Saudi Arabia booklet 2024

Since $a_n$ is odd and is congruent to $2$ modulo $3$, it always has a prime divisor of the form $3h+2$ for $h\in {\mathbb{Z}}^{+}$. Suppose by contradiction that the sequence $(a_n)$ has finitely many prime divisors, then the number of prime divisors of the form $3h+2$ of the sequence is clearly also finite, let them be $p_1<p_2<\cdots <p_k$.

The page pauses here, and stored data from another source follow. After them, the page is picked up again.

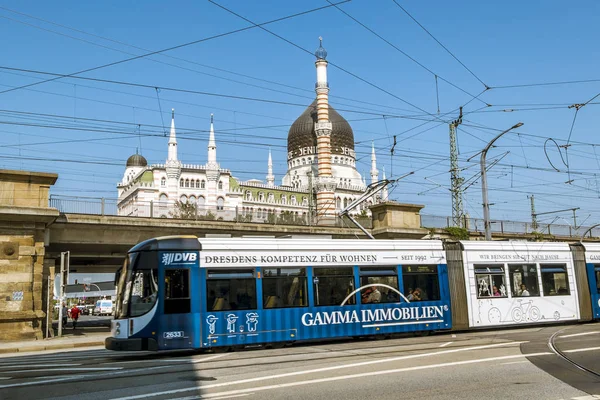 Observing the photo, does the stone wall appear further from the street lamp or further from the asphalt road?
the street lamp

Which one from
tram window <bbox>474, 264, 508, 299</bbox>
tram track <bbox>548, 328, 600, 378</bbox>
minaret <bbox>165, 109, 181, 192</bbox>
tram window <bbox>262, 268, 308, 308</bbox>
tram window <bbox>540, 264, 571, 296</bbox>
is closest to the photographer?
tram track <bbox>548, 328, 600, 378</bbox>

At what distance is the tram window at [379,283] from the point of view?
1722cm

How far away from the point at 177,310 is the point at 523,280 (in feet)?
38.4

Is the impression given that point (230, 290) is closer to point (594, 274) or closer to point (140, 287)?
point (140, 287)

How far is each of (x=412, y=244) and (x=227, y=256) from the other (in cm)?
601

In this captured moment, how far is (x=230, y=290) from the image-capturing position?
15344 millimetres

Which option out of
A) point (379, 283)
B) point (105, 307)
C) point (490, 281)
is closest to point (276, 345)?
point (379, 283)

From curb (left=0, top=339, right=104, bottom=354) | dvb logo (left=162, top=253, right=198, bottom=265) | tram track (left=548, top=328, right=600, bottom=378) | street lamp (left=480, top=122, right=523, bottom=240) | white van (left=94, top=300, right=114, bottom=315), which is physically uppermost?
street lamp (left=480, top=122, right=523, bottom=240)

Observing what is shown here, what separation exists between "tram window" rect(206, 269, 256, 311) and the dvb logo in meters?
0.55

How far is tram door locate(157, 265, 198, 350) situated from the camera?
14367mm

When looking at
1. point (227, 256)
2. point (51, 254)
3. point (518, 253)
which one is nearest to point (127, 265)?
point (227, 256)

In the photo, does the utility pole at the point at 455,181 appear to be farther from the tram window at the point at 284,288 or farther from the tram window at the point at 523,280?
the tram window at the point at 284,288

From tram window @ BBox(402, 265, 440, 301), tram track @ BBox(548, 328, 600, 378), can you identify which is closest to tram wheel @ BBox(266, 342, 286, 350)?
tram window @ BBox(402, 265, 440, 301)

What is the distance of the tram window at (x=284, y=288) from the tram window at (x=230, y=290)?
390 mm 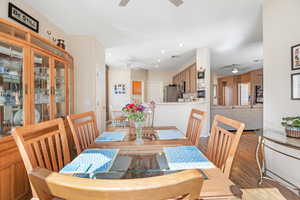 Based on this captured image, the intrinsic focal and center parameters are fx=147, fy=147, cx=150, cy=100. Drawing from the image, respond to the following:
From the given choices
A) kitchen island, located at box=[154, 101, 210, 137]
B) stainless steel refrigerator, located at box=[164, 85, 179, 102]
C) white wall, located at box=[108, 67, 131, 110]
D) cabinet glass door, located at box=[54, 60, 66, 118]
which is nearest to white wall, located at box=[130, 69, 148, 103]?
white wall, located at box=[108, 67, 131, 110]

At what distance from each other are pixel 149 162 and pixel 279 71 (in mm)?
2196

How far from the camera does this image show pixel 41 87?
200cm

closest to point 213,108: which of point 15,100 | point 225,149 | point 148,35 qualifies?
point 148,35

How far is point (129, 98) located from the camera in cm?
680

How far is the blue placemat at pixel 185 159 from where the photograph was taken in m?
0.94

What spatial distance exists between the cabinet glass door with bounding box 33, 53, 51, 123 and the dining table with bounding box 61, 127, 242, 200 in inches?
44.6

Setting $m=p_1{p}_2\cdots p_k$ then clearly $\gcd (m,3)=1$, by using Euler's theorem, one can get $m\mid 3^{\phi (m)}-1$. We also have $$\phi (m)=(p_1-1)(p_2-1)\cdots (p_k-1)$$ is a positive integer not divisible by $3$, so setting $n=\phi (\phi (m))$ then using Euler's theorem again, one could get $$\phi (m)\mid 3^{\phi (\phi (m))}-1=3^n-1.$$ Note that $3^x-1\mid 3^y-1$ where $x,y$ are positive integers such that $x\mid y$. Hence, $$3^{\phi (m)}-1\mid 3^{3^{n-1}}-1.$$ Therefore $m\mid 3^{3^{n-1}}-1$. From here, it follows that $$a_n=(3^{3^{n-1}}-1)+3\equiv 3(\mathrm{mod}m).$$ On the other hand, clearly $a_n$ will have a prime divisor of the form $3h+2$ so there exists $i$ with $1\le i\le k$ such that $p_i\mid a_n$. But $p_i\mid m$ which implies that $p_i\mid 3$, which is clearly a contradiction. Therefore, $(a_n)$ has infinitely many prime divisors.